There are some clues for early diagnosis of tracheobronchial involvement. New onset of hoarseness, stridor, and significant wheezing together with fever in a diabetic patient may be helpful features. From the aspect of critical care, as in our cases, one cause of extubation failure or difficult intubation in the appropriate clinical context may be tracheal mucormycosis.

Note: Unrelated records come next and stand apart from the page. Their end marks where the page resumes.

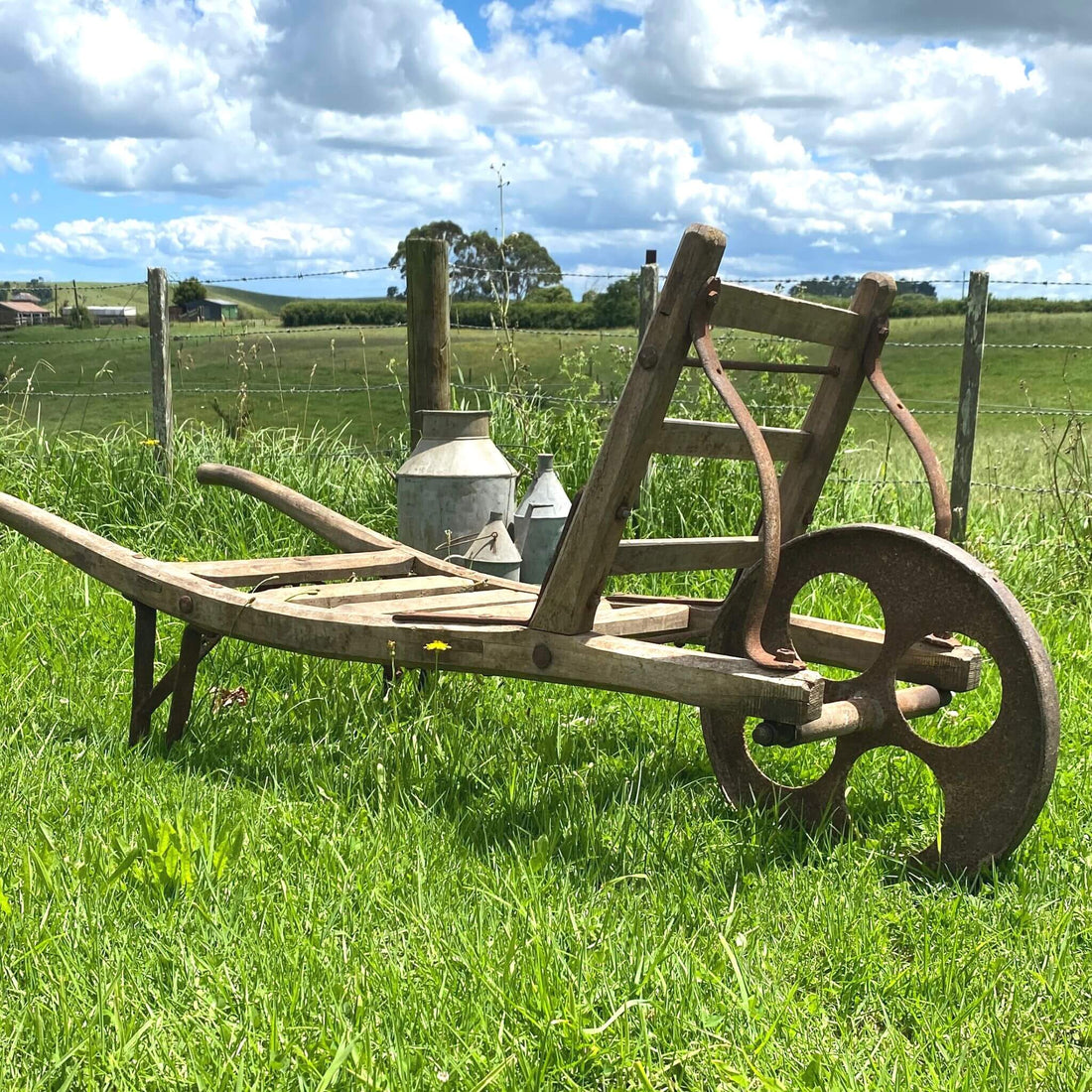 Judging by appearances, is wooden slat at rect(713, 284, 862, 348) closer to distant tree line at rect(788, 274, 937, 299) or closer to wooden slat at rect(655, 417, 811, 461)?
wooden slat at rect(655, 417, 811, 461)

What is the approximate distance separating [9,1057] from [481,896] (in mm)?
948

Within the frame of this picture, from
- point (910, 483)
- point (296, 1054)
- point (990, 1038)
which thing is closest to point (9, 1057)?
point (296, 1054)

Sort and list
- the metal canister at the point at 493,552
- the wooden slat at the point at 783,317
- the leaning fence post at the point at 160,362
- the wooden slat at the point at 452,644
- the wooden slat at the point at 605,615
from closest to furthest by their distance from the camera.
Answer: the wooden slat at the point at 452,644
the wooden slat at the point at 783,317
the wooden slat at the point at 605,615
the metal canister at the point at 493,552
the leaning fence post at the point at 160,362

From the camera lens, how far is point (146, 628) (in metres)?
3.95

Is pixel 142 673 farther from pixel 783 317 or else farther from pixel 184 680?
pixel 783 317

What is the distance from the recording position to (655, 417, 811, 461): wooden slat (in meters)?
2.93

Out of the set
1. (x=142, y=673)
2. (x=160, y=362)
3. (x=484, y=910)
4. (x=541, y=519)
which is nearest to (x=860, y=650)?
(x=484, y=910)

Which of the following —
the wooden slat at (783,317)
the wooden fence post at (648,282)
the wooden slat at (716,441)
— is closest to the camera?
the wooden slat at (783,317)

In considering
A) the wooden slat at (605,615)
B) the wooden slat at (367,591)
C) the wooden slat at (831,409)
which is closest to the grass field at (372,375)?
the wooden slat at (831,409)

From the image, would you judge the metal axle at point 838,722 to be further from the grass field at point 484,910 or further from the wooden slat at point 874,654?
the grass field at point 484,910

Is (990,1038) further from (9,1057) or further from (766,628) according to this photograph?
(9,1057)

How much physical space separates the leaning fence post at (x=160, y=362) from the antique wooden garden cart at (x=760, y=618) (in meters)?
4.73

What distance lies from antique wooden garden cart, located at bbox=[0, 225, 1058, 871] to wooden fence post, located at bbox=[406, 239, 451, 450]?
3212mm

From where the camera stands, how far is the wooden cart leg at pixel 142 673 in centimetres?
390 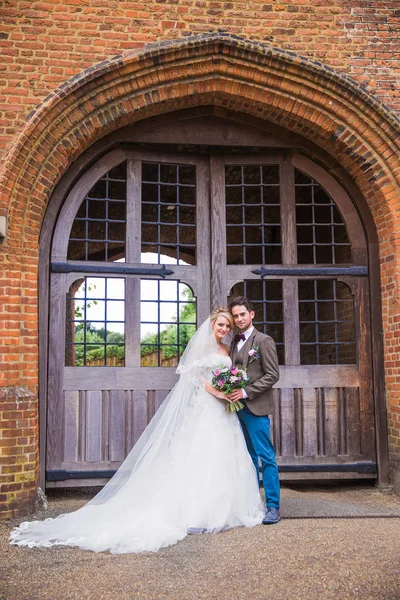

In some cases reported previously, airway obstruction was at the larynx or upper parts of the trachea, and it was finally relieved with tracheostomy or surgical debridement. , Like our described patient, Al‐Majed et al. reported a 40‐year‐old diabetic man who presented with right lower lobe bronchus obstruction due to mucormycosis. They removed the fungus mass using a rigid bronchoscope. So, in an emergency situation, mainly when surgical intervention is not feasible, physical removal of the fungus mass with a flexible or rigid bronchoscope may be lifesaving. Furthermore, the value and urgency of our report should be kept in mind with the increase in the number of mucormycosis infection cases following the coronavirus disease pandemic. In conclusion, mucormycosis may rarely present as near‐complete tracheal obstruction. It is possible to relieve the obstruction by fiberoptic or rigid bronchoscopy to prevent death due to asphyxia. In addition to more common causes of difficult intubation, extubation failure, or post‐extubation stridor, tracheal mucormycosis should be kept in mind in diabetic, and other susceptible patients admitted to the hospital. Also, new‐onset wheezing and stridor in uncontrolled diabetes mellitus should warrant a detailed investigation of major airways.

AUTHOR CONTRIBUTIONS

MF designed the study and carried out the treatments. RN and BZ made a significant contribution to this study and were involved in the treatment of the patients. RS collected the data and drafted the manuscript. All authors proofread and approved the final version of the manuscript.

FUNDING INFORMATION

No financial support was received for this case report.

CONFLICT OF INTEREST

The authors declare that they have no competing interests.

ETHICAL APPROVAL

Written informed consent was obtained from the patients in our study. The purpose of this research was completely explained to the patients and was assured that their information will be kept confidential by the researcher. The present study was approved by the Medical Ethics Committee of the academy.

CONSENT

Written informed consent was obtained from the patients regarding the publication of this case report.